■ **EXERCISE DETAILS**
The response must consist of the lines below from the one with "Holy Bible tweet media" through the one with "1597586982093.png 1597586982093.png", exactly as they appear and with both ends kept.

■ **EXTRACTED INFORMATION**
····················
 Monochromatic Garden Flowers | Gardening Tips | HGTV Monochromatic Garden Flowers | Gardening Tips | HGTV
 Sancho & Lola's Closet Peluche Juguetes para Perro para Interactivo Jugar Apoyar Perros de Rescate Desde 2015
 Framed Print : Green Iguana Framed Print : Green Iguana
····················
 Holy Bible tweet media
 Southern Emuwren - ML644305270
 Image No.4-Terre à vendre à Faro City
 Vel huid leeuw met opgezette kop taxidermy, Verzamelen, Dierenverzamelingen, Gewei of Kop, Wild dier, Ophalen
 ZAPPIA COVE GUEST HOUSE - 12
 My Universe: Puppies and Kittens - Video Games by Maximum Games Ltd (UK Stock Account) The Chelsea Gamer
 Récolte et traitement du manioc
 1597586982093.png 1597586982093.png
····················
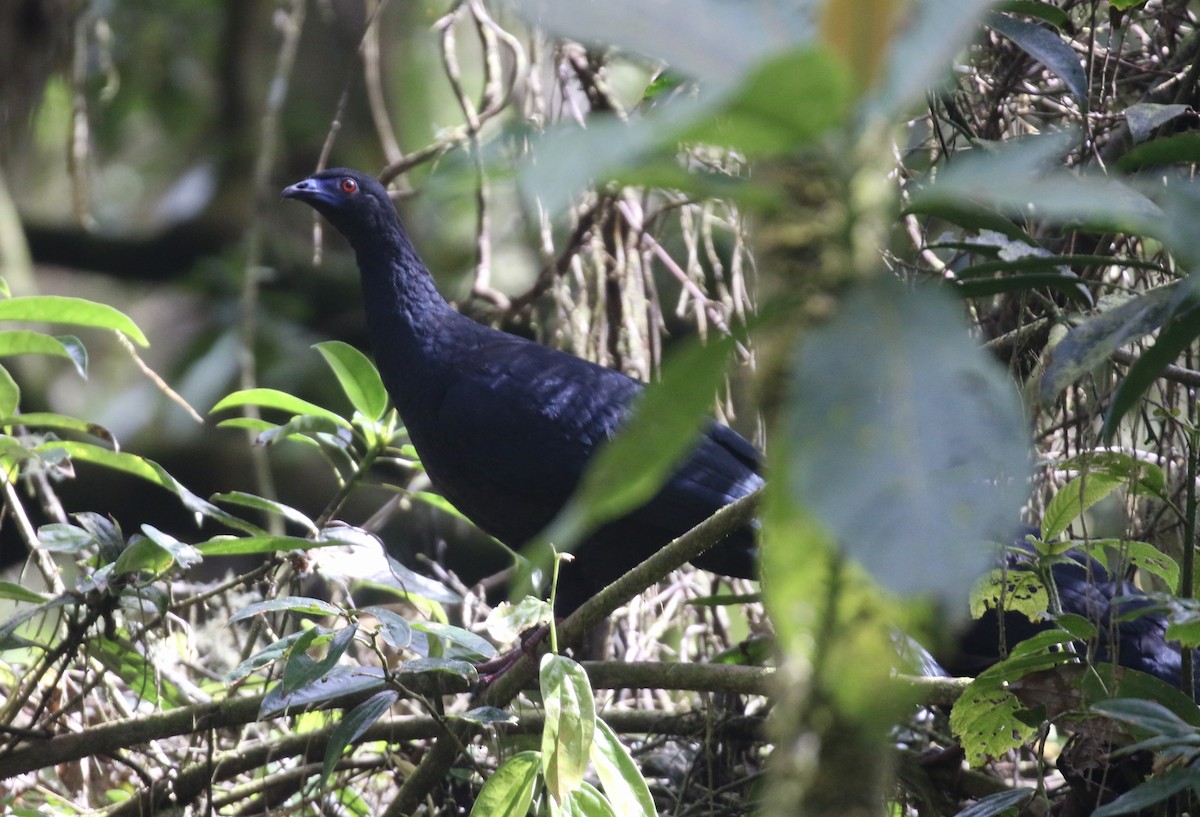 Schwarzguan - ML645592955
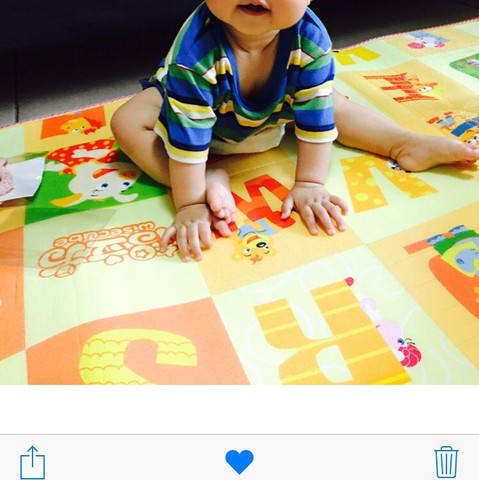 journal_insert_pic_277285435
····················
■ **YOUR RESPONSE**
 Holy Bible tweet media
 Southern Emuwren - ML644305270
 Image No.4-Terre à vendre à Faro City
 Vel huid leeuw met opgezette kop taxidermy, Verzamelen, Dierenverzamelingen, Gewei of Kop, Wild dier, Ophalen
 ZAPPIA COVE GUEST HOUSE - 12
 My Universe: Puppies and Kittens - Video Games by Maximum Games Ltd (UK Stock Account) The Chelsea Gamer
 Récolte et traitement du manioc
 1597586982093.png 1597586982093.png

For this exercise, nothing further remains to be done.